Lenoke also emphasized that many foreign nationals start businesses that hire South African citizens and create competition, which benefits consumers. He added that international experience shows that restrictions on migrant labor often have unintended economic consequences.
Consequences of Protests and Financial Risks
The protests have already caused disruptions in parts of the retail sector. Informal spaza shops, which operate from temporary stalls, garages, or containers, are a vital part of South Africa's informal economy, supporting wholesalers, landlords, and local employees. For instance, the food delivery platform Sixty60, owned by Africa's largest retailer Shoprite Group, experienced interruptions during the recent protests, with company data showing that less than a quarter of its drivers were South African citizens.
The situation is exacerbated by weak growth. The World Bank lowered its forecast for South Africa's growth in 2026 from 1.4% to 1.0% in June, and Statistics South Africa reported that the unemployment rate reached nearly one-third in the first quarter, leaving 8.1 million people jobless. These conditions have fueled discontent regarding migrants.
However, a study by the International Labour Organization (ILO) based on labour force survey data showed that as immigrant participation in the workforce increases, employment opportunities for South African citizens also rise. Susanna Dittlefsen from ACLED noted that protests can disrupt economic activity through looting and business closures, as escalating tensions lead to supply chain disruptions, job losses, and restricted access to goods and services.
Investor Reaction and Regional Significance
Investors have so far reacted calmly but view the protests as adding a new risk factor. Kaan Nazli, a manager of emerging market debt portfolios at Neuberger Berman, stated that while this is a significant social issue in South Africa, investors have not yet seen a tangible impact from this phenomenon. Now, with these protests, it is becoming a risk.

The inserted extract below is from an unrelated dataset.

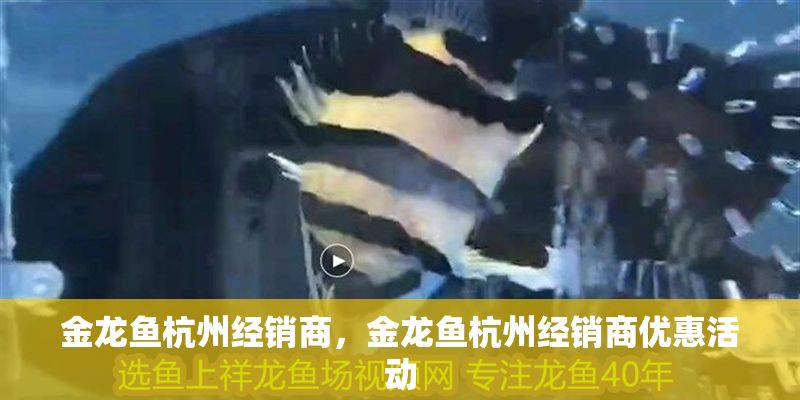 金龍魚杭州經銷商，金龍魚杭州經銷商優惠活動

The significance of the issue extends beyond South Africa, as the country is a major source of remittances in the region and the largest recipient center for working-age populations, according to ILO data. A joint report by FinMark Trust and the South African Reserve Bank showed that the outflow of remittances more than tripled between 2016 and 2024, reaching over 19 billion Rand in 2024. Nearly 90% of remittances to South Africa were directed to Lesotho, Malawi, Mozambique, and Zimbabwe, with Zimbabwe receiving over 60% of the total amount.